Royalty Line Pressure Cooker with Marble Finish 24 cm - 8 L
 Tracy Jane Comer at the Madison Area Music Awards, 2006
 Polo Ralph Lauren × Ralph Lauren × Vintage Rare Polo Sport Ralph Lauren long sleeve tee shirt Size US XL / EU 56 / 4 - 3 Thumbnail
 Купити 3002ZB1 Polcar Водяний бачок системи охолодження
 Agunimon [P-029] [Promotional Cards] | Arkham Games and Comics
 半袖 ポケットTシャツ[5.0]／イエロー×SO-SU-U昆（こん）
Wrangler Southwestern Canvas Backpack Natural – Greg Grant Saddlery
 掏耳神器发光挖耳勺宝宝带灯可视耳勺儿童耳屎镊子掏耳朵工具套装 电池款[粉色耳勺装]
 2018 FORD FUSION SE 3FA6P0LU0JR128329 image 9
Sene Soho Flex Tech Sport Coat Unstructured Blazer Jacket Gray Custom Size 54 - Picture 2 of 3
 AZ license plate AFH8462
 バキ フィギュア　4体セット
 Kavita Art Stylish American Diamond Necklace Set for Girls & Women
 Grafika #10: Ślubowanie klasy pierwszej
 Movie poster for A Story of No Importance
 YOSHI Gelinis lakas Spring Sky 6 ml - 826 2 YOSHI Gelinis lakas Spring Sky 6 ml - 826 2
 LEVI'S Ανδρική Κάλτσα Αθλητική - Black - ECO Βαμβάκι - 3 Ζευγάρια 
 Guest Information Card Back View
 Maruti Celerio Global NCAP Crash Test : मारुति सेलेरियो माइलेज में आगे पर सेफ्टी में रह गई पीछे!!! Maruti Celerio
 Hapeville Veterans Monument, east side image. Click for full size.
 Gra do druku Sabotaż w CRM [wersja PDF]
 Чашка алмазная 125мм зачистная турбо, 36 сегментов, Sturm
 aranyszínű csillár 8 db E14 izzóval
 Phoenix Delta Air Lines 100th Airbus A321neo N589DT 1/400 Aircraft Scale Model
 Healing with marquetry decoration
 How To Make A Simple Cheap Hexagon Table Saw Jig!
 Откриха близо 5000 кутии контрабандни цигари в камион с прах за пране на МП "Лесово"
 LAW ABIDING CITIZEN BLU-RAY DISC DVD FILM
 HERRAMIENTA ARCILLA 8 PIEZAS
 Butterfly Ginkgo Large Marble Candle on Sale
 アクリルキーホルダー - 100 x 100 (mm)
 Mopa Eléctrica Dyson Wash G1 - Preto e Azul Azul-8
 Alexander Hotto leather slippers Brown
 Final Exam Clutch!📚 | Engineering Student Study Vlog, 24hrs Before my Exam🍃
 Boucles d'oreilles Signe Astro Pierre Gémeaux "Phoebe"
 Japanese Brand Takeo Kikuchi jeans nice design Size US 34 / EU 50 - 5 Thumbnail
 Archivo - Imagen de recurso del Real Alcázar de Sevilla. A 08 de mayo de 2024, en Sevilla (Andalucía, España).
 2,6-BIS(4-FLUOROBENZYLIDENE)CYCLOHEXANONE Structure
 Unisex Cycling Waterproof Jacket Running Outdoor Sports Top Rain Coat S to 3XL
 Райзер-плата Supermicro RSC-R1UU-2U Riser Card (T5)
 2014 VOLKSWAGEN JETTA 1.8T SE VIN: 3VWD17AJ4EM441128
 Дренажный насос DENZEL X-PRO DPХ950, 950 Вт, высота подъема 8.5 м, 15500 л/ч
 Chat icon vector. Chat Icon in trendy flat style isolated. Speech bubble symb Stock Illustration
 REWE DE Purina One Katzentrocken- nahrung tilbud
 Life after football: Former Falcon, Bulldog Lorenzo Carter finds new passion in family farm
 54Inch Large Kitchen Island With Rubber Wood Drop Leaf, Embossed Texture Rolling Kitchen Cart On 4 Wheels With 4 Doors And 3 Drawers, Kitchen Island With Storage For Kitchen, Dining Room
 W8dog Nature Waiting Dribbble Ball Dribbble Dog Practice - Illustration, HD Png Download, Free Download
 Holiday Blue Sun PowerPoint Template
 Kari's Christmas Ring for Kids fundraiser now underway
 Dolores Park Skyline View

◆ ◆ ◆ ◆ ◆

WORK ORDER.
Lines with the string "Marble": pick each one out of the material and return it.

RESULT OF THE TASK.
Royalty Line Pressure Cooker with Marble Finish 24 cm - 8 L
 Butterfly Ginkgo Large Marble Candle on Sale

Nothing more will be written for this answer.